Jazz: Music maestro is singin' the blues
Published 11/11/2013 | 01:00
Singer, pianist, songwriter and entertainer, Allen Toussaint needs no bass or drums, as he is his own rhythm section. This is a live recording made in Joe's Pub, New York, where his amiable manner and sense of humour captivated the audience as much as his music. While his repertoire extends beyond the blues, he invests every song with blues feeling, backed by deceptively simple piano accompaniments.
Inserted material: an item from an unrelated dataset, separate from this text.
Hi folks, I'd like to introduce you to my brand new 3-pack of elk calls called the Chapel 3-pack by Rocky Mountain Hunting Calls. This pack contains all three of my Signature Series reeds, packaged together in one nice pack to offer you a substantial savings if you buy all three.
All the tunes are originals by Toussaint, with the exception of St James Infirmary, a traditional twelve-bar blues played as a piano solo. His speaking voice, which is just as attractive as his singing, is heard to advantage in the final track, Southern Nights, where he talks about his childhood visits to the country.
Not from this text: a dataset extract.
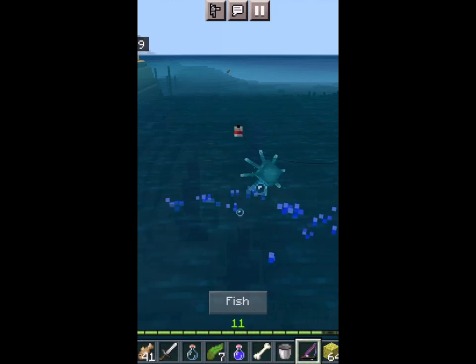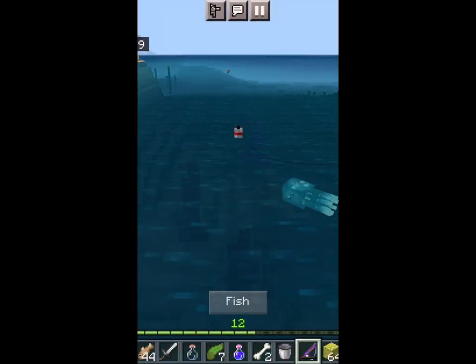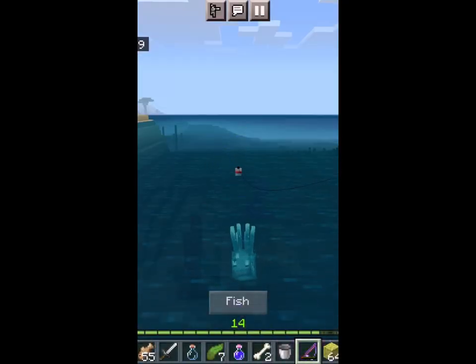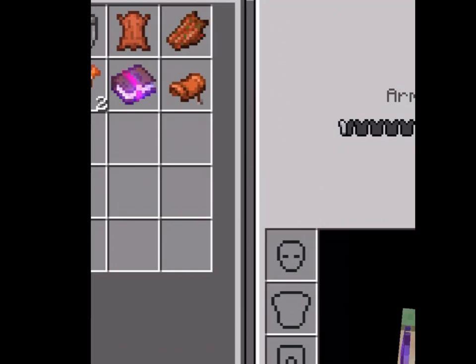Best way to get a saddle is just to fish. That's how I get my saddles. I just fish. I'm about to get one right now — you see? Easy.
Castaneda (harp) with special guests on some tracks: Gonzalo Rubalcaba (piano), Miguel Zenon (alto sax) and Hamilton de Holanda (mandolina).
If jazz can be played on the accordion, why not the harp? Edmar Castaneda plays the arpa llanera, or Colombian harp, and, in addition to Gonzalo Rubalcaba, has worked with Wynton Marsalis, Joe Locke and John Scofield. The result, while not exactly for the jazz purist, is fascinating music by a phenomenal virtuoso. You have to see him in person to believe that only one pair of hands is playing all those strings.
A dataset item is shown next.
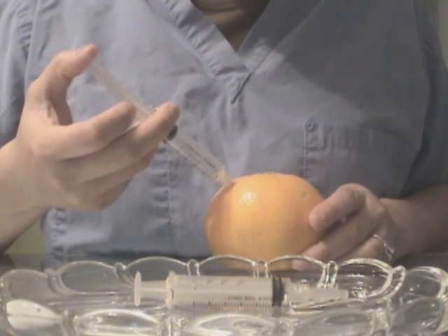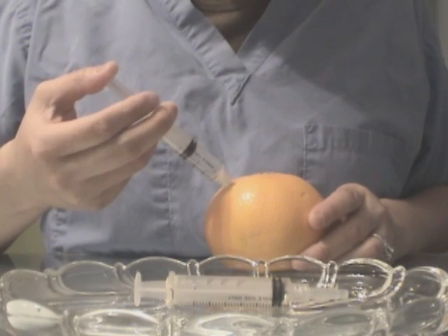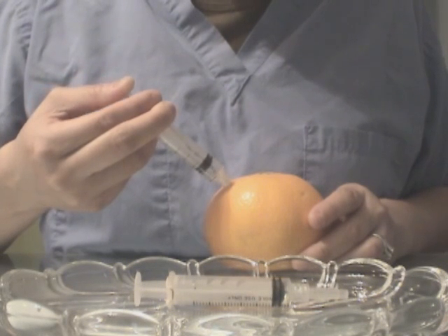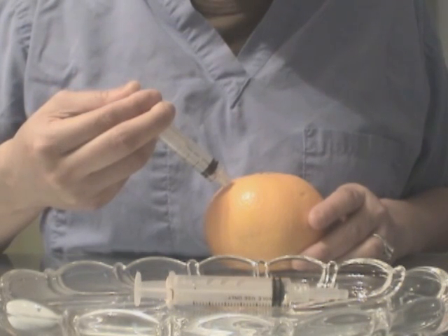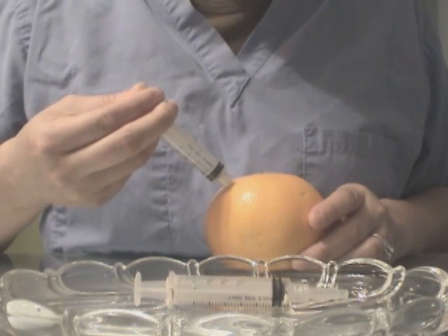You want to slowly inject into the area — very, very slowly. You want to make sure you give it a push right at the end to make sure all the liquid is injected.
On his recent Music Network tour, Castaneda won the hearts of audiences from Dublin to Carrick-on-Shannon to Limerick.
Sundays are full of live action, with a choice of residencies to tempt you away from the fireside. Zrazy can be heard in the Odessa Club, Dame Court, at 4 pm. Cormac O'Brien's group plays in the International Bar, Wicklow Street, from 6 pm. The Long John Jump Band lets the good times roll in the Café en Seine from 6.30 pm. Nigel Mooney and Derek O'Connor play in Harry's Bar, South King Street, from 7pm to 9pm.